De Westminster à la téléréalité Les aventures d'un ex-ministre britannique exaspèrent

AFP

16.11.2022 - 18:25

De Westminster à la jungle australienne, avec scorpions et serpents: Matt Hancock, ancien ministre britannique de la Santé est devenu en quelques jours celui dont tout le monde parle, en rejoignant une émission de télé-réalité, ce qui exaspère nombre de ses collègues.

L'émission «Je suis une célébrité... Sortez-moi de là!» sur ITV a une saveur particulière depuis que Matt Hancock, 44 ans, toujours député, a rejoint le casting. 

L'idée est simple: des célébrités réunies dans une zone particulièrement hostile en Australie doivent relever des défis et éviter d'être éliminées par les téléspectateurs pendant leur séjour. 

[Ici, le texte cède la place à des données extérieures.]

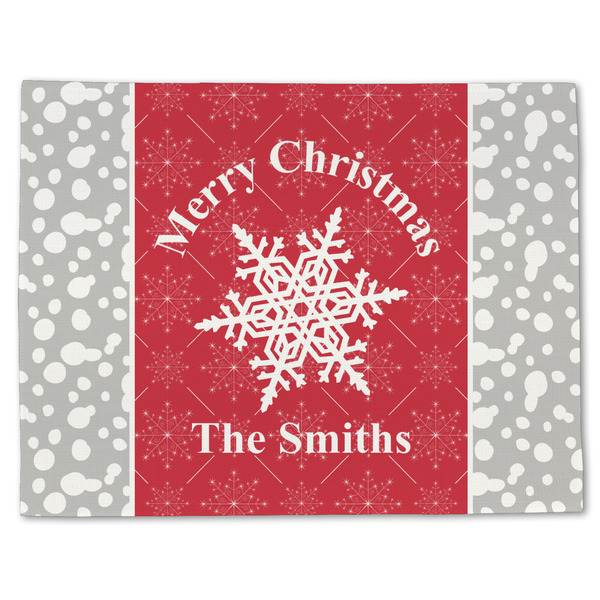 Snowflakes Linen Placemat - Front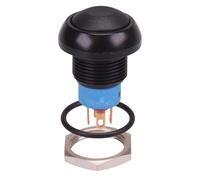 IPR5SAD2 APEM Black Momentary 12mm Push Button Switch SPDT IP67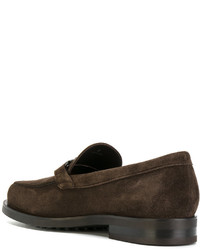 dunkelbraune Leder Slipper von Tod's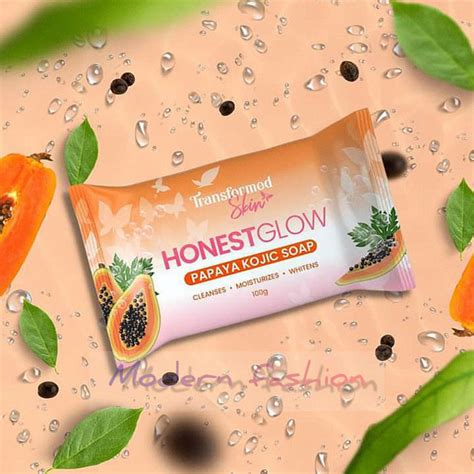 Honest Glow Papaya Soap Transformed Skin Lazada Ph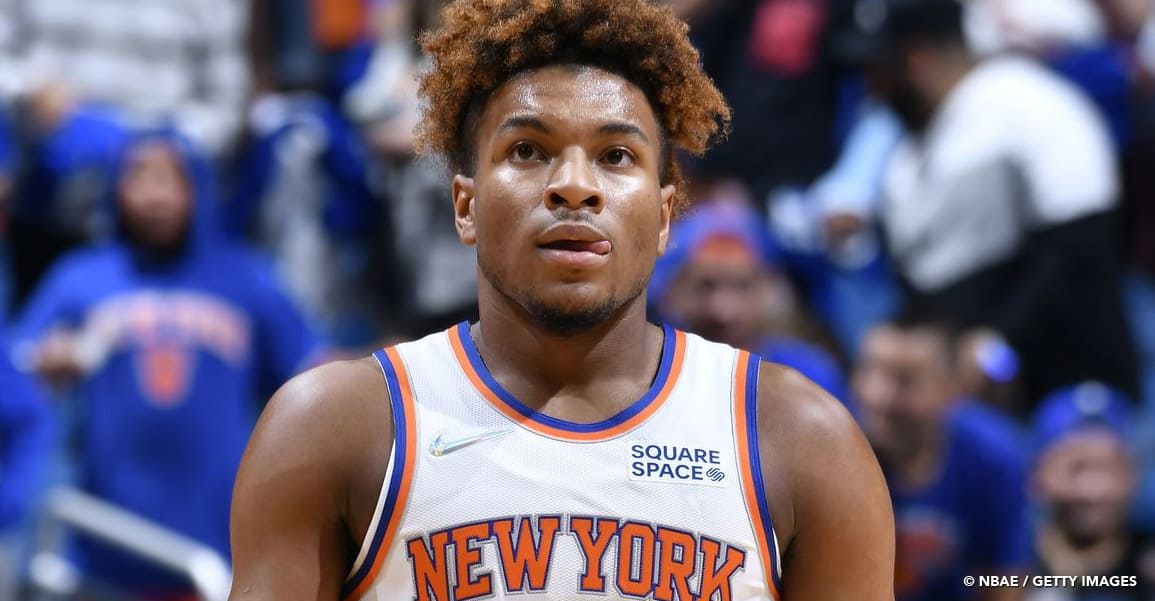 Miles McBride, 0 point mais une perf presque historique !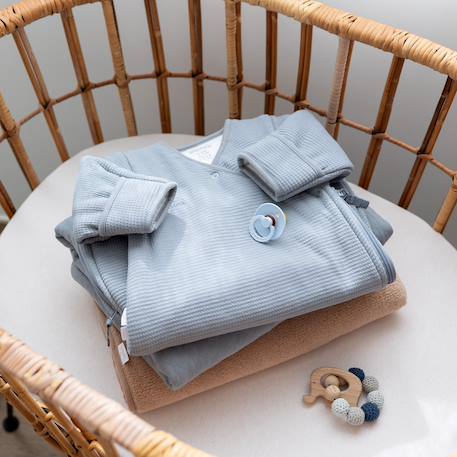 Gigoteuse avec moufles hiver  - tog 2.5 douillet bio Natural+Stone 10 - vertbaudet enfant 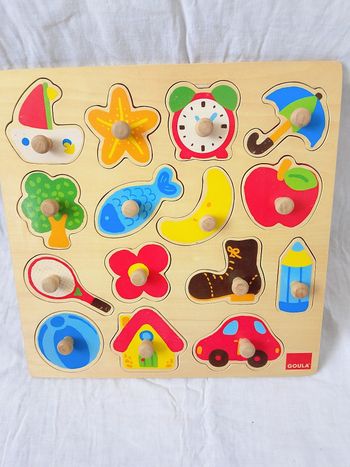 Puzzle bois goula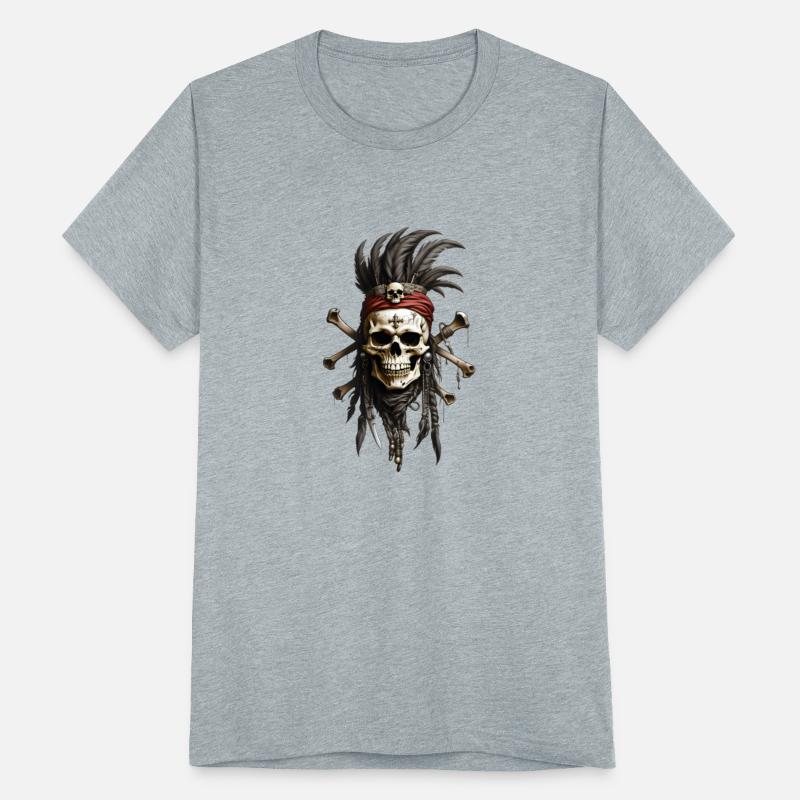 The Jolly Roger skull with a mohawk embodies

En une semaine, l'ex-ministre de la Santé, qui était au gouvernement quand la pandémie de Covid-19 a éclaté, a dû manger des testicules de kangourou, s'est fait asperger de bave, a dû affronter des araignées et des cafards, a fait face à un impressionnant serpent en position d'attaque, s'est fait piquer par un scorpion, etc... 

Le public, qui vote, ne l'a pas épargné. Ses collègues de Westminster non plus: «Il y a pas mal de gens (...) à la Chambre des Communes et la Chambre des Lords, qui ont téléchargé une certaine application pour pouvoir voter», a révélé le ministre chargé de l'Irlande du Nord Chris Heaton-Harris. «Je ne suis pas sûr que ce soit une bonne chose». 

Matt Hancock a été suspendu du Parti conservateur en raison de sa participation à cette émission.

Difficile d'échapper à ces aventures, qui font la Une de la presse et figurent même dans les journaux télévisés, dans un mélange des genres étonnant puisque Matt Hancock, depuis sa jungle, se laisse aller à des commentaires sur la politique britannique. 

Très bien payé

Mais pourquoi le député s'est-il infligé cela? 

Pour Mark Garnett, maître de conférence en politique à l'université de Lancaster, Matt Hancock n'avait «plus grand chose à perdre. (...) Sa carrière en politique était probablement terminée de toute façon». 

Devenu un visage familier des Britanniques au gré des conférences de presse pendant la pandémie, Matt Hancock a été poussé à la démission après un scandale politique, sentimental et sanitaire.

Le tabloïd The Sun a publié fin juin 2021 des images de vidéo-surveillance montrant le ministre, marié et père de trois enfants, embrasser fougueusement sa conseillère, à une époque où même les simples accolades étaient interdites.

«Beaucoup pensent que son mauvais travail comme ministre de la Santé a causé des décès qui étaient évitables», explique Mark Garnett.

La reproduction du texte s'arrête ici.